Trump lawyer Giuliani faces $1.3 billion lawsuit over ‘big lie’ election fraud claims

FILE PHOTO: U.S. President Donald Trump's personal lawyer Rudy Giuliani gestures as he speaks as Trump supporters gather by the White House ahead of his speech to contest the certification by the U.S. Congress of the results of the 2020 U.S. presidential election in Washington, U.S, January 6, 2021. REUTERS/Jim Bourg/File Photo

By Jan Wolfe and Susan Heavey

(Reuters) – A U.S. voting machine company filed a $1.3 billion lawsuit against former President Donald Trump’s lawyer Rudy Giuliani, accusing him of defamation in what it called his “big lie” campaign about widespread fraud in the presidential election, court documents on Monday showed.

The Denver-based company, Dominion Voting Systems Inc, filed an earlier lawsuit against Trump campaign lawyer Sidney Powell, whom the company also accused of spreading false conspiracy theories about the election that Trump lost to Democrat Joe Biden.

A senior Dominion employee, Eric Coomer, also filed a defamation lawsuit against the Trump campaign, saying he had been driven into hiding because of death threats from Trump supporters.

Giuliani and his lawyer, Robert Costello, did not immediately respond to requests for comment.

Giuliani has stood by his claims about the election, saying during a radio show last week he is being attacked for “exercising my right of free speech and defending my client.”

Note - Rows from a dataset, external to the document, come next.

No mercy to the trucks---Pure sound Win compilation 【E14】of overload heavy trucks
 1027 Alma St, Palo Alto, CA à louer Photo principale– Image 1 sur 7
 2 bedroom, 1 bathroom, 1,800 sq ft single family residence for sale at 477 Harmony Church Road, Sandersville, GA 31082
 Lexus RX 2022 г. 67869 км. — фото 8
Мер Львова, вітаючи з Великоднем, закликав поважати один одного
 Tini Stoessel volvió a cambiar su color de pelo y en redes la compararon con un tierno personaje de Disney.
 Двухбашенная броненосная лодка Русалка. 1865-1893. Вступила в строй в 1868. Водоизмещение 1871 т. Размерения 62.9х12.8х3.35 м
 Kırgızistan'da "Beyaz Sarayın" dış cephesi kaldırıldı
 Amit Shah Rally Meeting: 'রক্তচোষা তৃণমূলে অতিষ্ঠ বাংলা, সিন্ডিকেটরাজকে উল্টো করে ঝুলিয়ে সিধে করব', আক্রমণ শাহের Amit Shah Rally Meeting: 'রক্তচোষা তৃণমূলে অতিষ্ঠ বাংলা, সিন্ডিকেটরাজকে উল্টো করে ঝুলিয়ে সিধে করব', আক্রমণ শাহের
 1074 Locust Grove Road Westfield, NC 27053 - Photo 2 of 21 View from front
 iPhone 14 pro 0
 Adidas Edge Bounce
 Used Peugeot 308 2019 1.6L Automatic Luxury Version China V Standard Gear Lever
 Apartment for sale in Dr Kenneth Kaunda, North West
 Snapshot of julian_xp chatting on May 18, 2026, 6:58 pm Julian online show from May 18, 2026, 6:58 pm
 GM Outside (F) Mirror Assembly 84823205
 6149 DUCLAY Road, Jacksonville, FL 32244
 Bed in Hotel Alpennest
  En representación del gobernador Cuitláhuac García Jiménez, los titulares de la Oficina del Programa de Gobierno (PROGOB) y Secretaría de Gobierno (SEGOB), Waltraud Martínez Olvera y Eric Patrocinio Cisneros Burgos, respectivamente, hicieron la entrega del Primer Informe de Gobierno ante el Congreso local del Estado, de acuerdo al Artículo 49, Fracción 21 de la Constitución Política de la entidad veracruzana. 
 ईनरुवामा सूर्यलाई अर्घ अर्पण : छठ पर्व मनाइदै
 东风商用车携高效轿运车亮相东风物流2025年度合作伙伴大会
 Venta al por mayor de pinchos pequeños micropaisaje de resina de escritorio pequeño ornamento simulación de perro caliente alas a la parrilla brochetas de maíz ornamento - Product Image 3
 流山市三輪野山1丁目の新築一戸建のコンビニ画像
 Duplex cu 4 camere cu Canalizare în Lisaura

Trump and his allies spent two months denying his election defeat, and claiming that it was the result of widespread voter fraud.

Dominion is seeking $1.3 billion in damages from the former New York City mayor, alleging in the lawsuit that “he and his allies manufactured and disseminated the ‘Big Lie,’ which foreseeably went viral and deceived millions of people into believing that Dominion had stolen their votes and fixed the election.”

Dominion said it filed the lawsuit “to set the record straight” and to “stand up for itself, its employees, and the electoral process.”

A group of prominent attorneys last week asked New York’s judiciary to suspend Giuliani’s law license because he made false claims in post-election lawsuits and for urging Trump’s supporters to engage in “trial by combat” shortly before they stormed the U.S. Capitol on Jan. 6.

Dominion states in its lawsuit that it has spent $565,000 on private security to protect its employees, who are facing harassment and death threats.

“Giuliani’s statements,” the lawsuit stated, “were calculated to — and did in fact — provoke outrage and cause Dominion enormous harm.”

Founded in 2002, Dominion is a major U.S. manufacturer of voting machines, and various Dominion machines were used in more than two dozen states during the 2020 election.